Efektivitas fitur promosi dan iklan hanya sebagian dari banyak alasan pemilihan platform berjualan. Riset KIC menunjukkan Shopee dominan dipilih sebagai kanal penjualan prioritas (57,8%). Para penjual beranggapan Shopee, selain terkait efektivitas fitur iklannya, punya kecocokan dengan target pasar (63,2%) dan kemudahan berinteraksi dengan pembeli (52%).
"TikTok Shop menarik karena konten yang interaktif dan karakter pengguna yang cenderung mudah tertarik dengan promo konten yang menghibur, sementara Shopee dianggap lebih transparan dan responsif dalam hal
customer service," ujar salah satu responden, Toko Hanana Shop.
Pemahaman Komponen Biaya
Menurut riset KIC, secara umum,
seller memiliki tingkat pemahaman yang tinggi terhadap mekanisme perhitungan biaya tambahan
platform atau komisi di
platform e-commerce. Rata-rata tingkat pemahaman seller tercatat di skor 8,38 dari skala 1–10, dengan 92,7% responden berada pada kategori “paham” (skor 6–10) dan hanya 7,3% yang mengaku masih kurang memahami sistem potongan biaya.
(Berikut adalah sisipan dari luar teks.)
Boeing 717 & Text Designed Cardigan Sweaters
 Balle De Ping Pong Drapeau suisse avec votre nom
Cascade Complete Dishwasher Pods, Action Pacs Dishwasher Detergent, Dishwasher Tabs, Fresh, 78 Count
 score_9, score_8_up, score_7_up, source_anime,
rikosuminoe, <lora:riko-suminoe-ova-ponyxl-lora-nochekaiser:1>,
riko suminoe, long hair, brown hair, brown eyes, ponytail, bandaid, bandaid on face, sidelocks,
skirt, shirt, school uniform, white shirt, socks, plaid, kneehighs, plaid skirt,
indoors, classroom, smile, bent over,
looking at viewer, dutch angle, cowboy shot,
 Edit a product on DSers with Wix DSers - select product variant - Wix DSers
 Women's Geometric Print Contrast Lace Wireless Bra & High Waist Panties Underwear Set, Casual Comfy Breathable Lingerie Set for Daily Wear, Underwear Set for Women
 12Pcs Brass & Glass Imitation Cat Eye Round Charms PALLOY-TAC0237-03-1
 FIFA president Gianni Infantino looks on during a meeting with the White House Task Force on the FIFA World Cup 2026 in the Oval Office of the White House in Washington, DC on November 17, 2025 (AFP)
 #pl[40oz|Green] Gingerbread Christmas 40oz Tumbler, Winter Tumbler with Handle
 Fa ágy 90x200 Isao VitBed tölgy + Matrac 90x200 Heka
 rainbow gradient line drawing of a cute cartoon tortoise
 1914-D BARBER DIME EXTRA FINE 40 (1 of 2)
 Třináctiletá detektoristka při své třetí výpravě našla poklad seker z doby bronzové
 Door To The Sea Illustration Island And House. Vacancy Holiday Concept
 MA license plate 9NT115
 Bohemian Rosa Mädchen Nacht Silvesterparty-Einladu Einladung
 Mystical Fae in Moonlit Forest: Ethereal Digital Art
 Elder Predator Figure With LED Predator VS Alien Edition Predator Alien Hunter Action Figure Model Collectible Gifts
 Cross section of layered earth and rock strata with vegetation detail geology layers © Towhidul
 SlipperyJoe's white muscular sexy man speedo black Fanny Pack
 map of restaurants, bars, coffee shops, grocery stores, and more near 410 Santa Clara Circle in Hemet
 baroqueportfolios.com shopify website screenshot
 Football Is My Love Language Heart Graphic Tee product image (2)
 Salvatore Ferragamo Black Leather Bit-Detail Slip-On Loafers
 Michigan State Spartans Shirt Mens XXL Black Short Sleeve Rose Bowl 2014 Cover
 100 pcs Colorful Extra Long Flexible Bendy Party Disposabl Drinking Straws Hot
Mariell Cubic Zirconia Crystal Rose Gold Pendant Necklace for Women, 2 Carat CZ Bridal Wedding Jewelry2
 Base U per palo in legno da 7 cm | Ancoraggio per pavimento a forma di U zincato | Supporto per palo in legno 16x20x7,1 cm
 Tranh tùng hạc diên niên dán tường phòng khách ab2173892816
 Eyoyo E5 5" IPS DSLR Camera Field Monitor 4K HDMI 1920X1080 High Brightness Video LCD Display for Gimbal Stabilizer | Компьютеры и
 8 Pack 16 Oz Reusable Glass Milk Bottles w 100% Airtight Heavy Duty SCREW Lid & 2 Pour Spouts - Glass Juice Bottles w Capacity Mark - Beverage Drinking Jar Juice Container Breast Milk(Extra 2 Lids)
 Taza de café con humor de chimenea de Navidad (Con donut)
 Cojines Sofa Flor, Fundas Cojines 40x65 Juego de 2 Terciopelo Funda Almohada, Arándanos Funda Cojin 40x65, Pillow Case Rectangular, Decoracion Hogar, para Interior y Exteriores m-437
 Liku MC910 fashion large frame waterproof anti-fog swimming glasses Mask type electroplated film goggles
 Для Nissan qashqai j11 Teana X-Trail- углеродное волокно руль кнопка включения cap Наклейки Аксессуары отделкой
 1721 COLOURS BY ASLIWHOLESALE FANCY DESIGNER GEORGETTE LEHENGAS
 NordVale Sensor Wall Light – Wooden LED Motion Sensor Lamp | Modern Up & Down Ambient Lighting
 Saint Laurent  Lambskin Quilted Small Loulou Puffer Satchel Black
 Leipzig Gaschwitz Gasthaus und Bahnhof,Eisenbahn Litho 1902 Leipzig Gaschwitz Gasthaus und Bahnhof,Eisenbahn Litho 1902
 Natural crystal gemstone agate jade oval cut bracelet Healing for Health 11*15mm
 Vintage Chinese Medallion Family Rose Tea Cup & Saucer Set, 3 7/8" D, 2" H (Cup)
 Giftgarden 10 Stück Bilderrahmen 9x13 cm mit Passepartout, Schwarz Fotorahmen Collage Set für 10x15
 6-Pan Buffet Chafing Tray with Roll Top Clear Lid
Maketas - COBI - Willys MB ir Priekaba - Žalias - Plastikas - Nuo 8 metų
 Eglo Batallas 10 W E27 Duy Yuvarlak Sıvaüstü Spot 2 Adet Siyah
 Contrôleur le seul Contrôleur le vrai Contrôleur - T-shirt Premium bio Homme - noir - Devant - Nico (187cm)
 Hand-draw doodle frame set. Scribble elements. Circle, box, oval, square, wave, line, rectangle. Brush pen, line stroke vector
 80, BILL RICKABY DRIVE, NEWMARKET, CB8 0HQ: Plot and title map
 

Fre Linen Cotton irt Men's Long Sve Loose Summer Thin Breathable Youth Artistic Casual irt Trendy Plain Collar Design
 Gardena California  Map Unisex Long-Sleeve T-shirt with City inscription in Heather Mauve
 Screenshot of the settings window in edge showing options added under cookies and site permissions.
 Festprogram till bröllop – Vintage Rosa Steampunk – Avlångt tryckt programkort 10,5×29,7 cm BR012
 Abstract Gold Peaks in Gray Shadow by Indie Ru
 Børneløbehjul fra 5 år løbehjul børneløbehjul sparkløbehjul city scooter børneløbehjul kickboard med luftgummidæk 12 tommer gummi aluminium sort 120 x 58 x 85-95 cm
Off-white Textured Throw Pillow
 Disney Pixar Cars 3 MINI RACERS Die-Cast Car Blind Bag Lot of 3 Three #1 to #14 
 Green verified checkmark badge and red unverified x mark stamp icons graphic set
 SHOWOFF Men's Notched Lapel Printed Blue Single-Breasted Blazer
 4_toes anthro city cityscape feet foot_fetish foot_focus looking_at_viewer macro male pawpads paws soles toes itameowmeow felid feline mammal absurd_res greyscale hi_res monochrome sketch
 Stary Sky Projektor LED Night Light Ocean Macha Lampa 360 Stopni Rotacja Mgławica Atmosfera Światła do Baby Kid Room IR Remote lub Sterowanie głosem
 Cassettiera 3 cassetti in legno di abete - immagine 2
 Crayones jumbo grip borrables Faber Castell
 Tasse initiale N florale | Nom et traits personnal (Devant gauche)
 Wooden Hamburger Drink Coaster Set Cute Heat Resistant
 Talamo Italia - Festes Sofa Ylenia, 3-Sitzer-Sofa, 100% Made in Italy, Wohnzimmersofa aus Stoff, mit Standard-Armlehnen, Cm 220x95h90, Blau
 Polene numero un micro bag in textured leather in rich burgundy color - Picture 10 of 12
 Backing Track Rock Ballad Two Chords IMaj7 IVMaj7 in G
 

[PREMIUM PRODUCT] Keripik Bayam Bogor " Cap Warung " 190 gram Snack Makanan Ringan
Temuan ini menandakan mayoritas
seller sudah memiliki kesadaran dan pengetahuan yang cukup baik mengenai struktur biaya yang berlaku di
platform tempat mereka berjualan.
Mayoritas
seller yang disurvei juga mengakui
platform e-commerce menjadi tempat paling efektif untuk berjualan. Setelah aktif berjualan di
e-commerce,
seller mengalami lonjakan signifikan pada berbagai aspek bisnis. Sebanyak 97,2% penjual melaporkan peningkatan jumlah pembeli, sementara 93,3% mencatat kenaikan jumlah produk terjual, dan 91,7% mengaku omzet meningkat.
Meskipun sebagian besar
seller telah memahami dan menilai biaya
platform sebagai bagian dari strategi bisnis, masih terdapat sebagian yang menghadapi tantangan dalam pengelolaannya. Hasil survei menunjukkan keseluruhan, 31,7%
seller mengaku masih mengalami kesulitan dalam mengatur biaya platform dan kepesertaan program
Campaign atau promo dalam perhitungan strategi bisnis mereka.
Sementara itu, mayoritas
seller (68,3%) menyatakan tidak mengalami kesulitan berarti, menandakan sebagian besar sudah memiliki pemahaman dan sistem pengelolaan biaya yang baik.